**Collected material**.
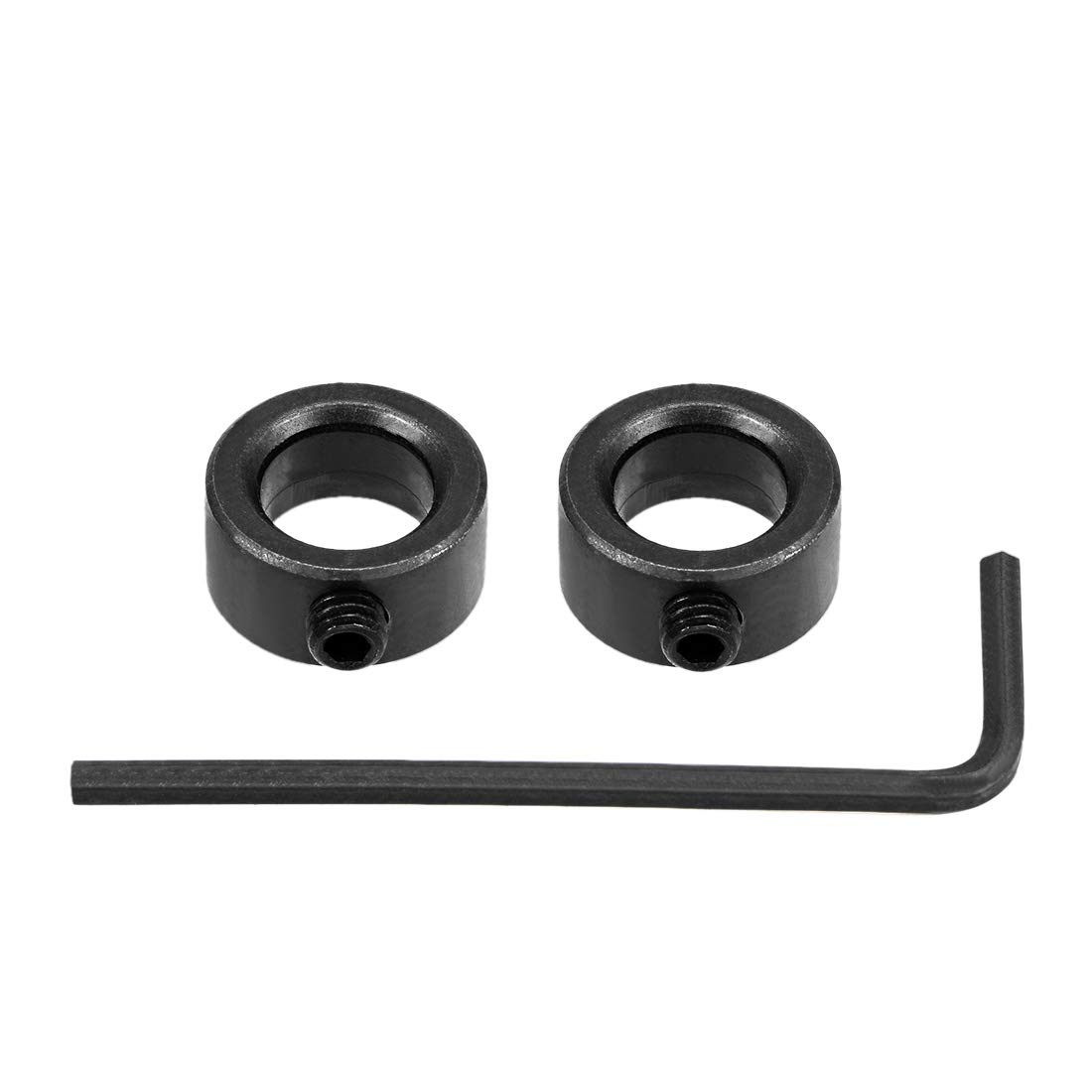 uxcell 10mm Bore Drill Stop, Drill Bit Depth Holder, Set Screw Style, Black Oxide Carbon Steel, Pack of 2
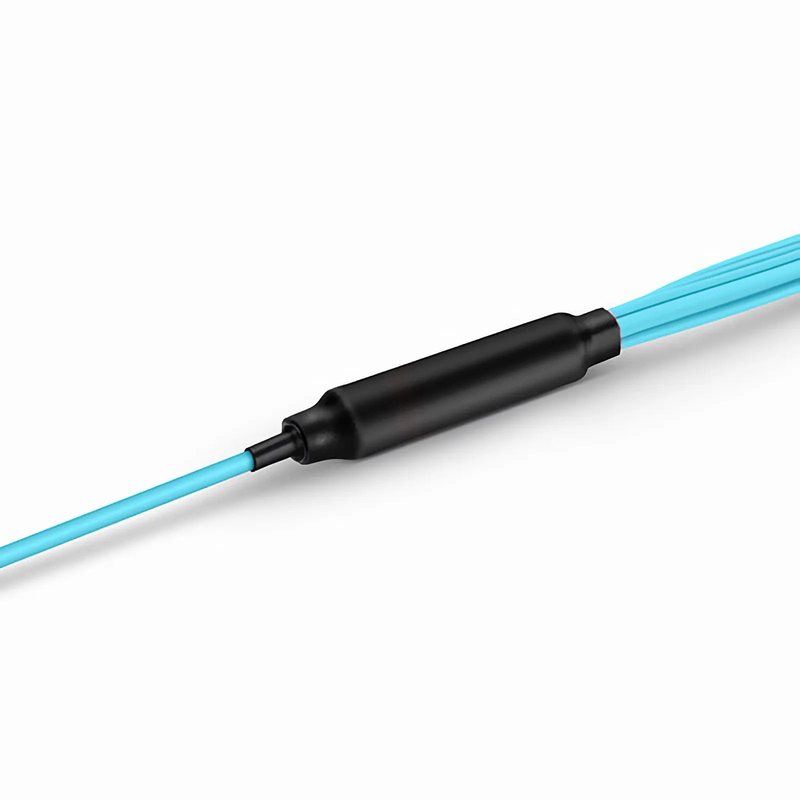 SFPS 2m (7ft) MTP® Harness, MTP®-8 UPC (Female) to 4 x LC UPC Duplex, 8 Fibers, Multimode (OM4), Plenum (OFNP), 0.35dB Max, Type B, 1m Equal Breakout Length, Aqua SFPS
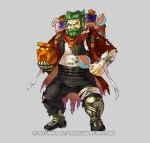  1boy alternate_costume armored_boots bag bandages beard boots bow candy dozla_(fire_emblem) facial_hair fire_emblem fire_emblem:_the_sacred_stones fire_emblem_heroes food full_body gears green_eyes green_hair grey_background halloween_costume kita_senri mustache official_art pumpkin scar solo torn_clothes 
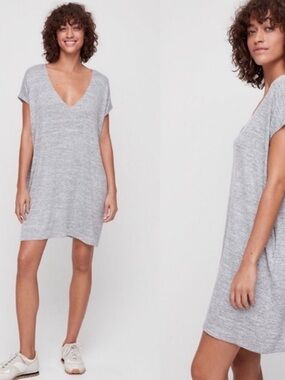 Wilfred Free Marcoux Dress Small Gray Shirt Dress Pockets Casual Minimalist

**Problem description**.
After locating the line that contains "1boy alternate_costume armored_boots", output it and all later lines through the end of the material exactly, leaving out pictures.

**Response**.
  1boy alternate_costume armored_boots bag bandages beard boots bow candy dozla_(fire_emblem) facial_hair fire_emblem fire_emblem:_the_sacred_stones fire_emblem_heroes food full_body gears green_eyes green_hair grey_background halloween_costume kita_senri mustache official_art pumpkin scar solo torn_clothes 
 Wilfred Free Marcoux Dress Small Gray Shirt Dress Pockets Casual Minimalist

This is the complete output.